At UW–Madison, Emily has been a WARF-supported project assistant on the Research Forward project examining climate change and conflict in the Sahel region of West Africa. This project explores a more complex understanding of how climate change interacts with other sources of conflict related to resources, and how insurgency movements may or may not use such tensions to gain support. The project team focuses on empirical evidence from Mali.
Emily said the project will shed more light on the relationship between conflict and climate change, which will be increasingly important across the globe due to increased variability in the climate.

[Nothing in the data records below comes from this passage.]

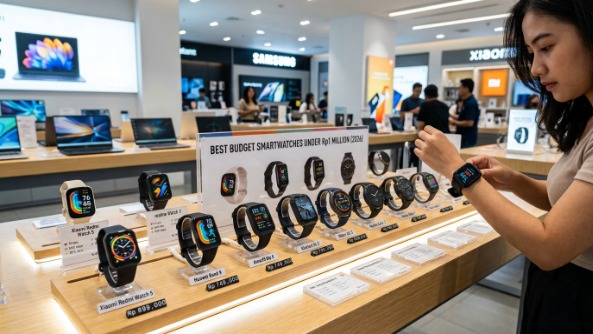Redmi Watch 6 Lite dan Huawei Band 10 Jadi Pilihan Smartwatch Rp1 Jutaan di Juni 2026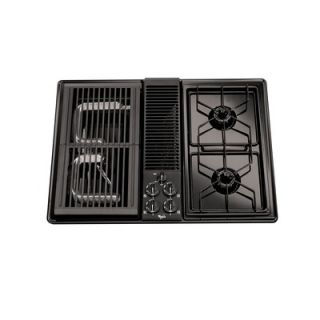 Whirlpool 30 Downdraft Ventilation System Gas Cooktop  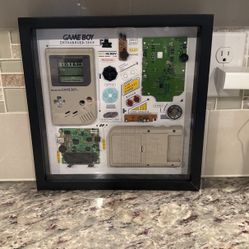 Game boy Framed Parts Set 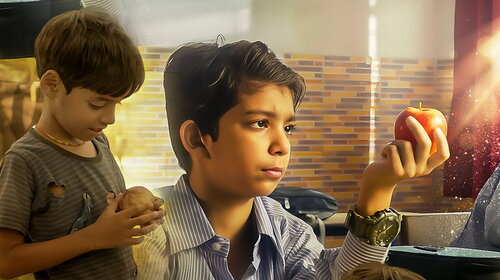 The Apple Hindi Children Movie Thumbnail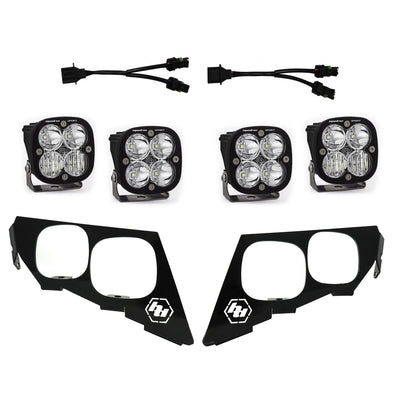 Squadron Sport Headlight Kit <br> 18-20 Textron / Arctic Cat Wildcat XX LTD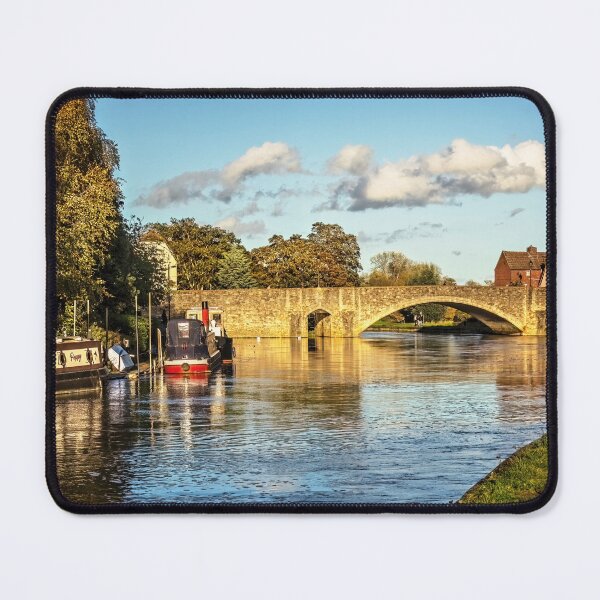 Item preview, October at Abingdon Bridge designed and sold by IanWL.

“Development programming and policy tends to assume a direct link between climate change and conflict, particularly in places like Mali where people largely depend on natural resource-based livelihoods, like farming. The general idea is that people are fighting over scarce resources, and that this happens in a fast, reactive way – for example, if it does not rain, people take up arms that same year,” Emily said. “Yet the research that has been done on this relationship is mixed at best, and there’s surprisingly little of it that uses empirical data, which means that programming and policy formulated based on the assumption of a direct relationship is likely to treat the wrong problems, and potentially make the situation worse, not better.”
As one of three geographers on a team that also includes agricultural economists and political scientists, Emily contributes expertise on the broader context in Mali and works closely with the Mali-based research team. She has helped develop survey instruments, trained researchers in Institutional Review Board protocols, and monitored the data the research team collects.
“I deeply appreciate the opportunity to be able to work on such an interesting and innovative project with an interdisciplinary team,” Emily said. “The experience has been quite valuable for me, in learning how academic research in conducted and in providing a foundation for my own doctoral research.”
Emily’s own research looks at how climate change and conflict affect social identities and livelihood practices among livestock herders in Mali. Increasing climate variability in the past decade has impacted milk production, which in turn impacts women’s economic opportunities, as they are customarily the primary milk marketers.
“Ongoing violent conflict in central and northern Mali has restricted not only herd movements, but also women’s mobility, and they are not always able to go sell their dairy products in the markets,” Emily said. “I am trying to learn how women are adapting to these rapidly changing conditions, as well as how pastoralist groups more generally are coping with climate change and restricted mobility.”
In addition to her work on the Research Forward project, Emily has received funding for her dissertation research from the West African Research Association. She also earned a Foreign Language and Area Studies (FLAS) Fellowship in 2021-2022. Through her WARF-supported project assistantship with Research Forward, Emily said she has been able to connect with researchers in Mali and work with more partners there whom she hopes she can collaborate with on her dissertation research.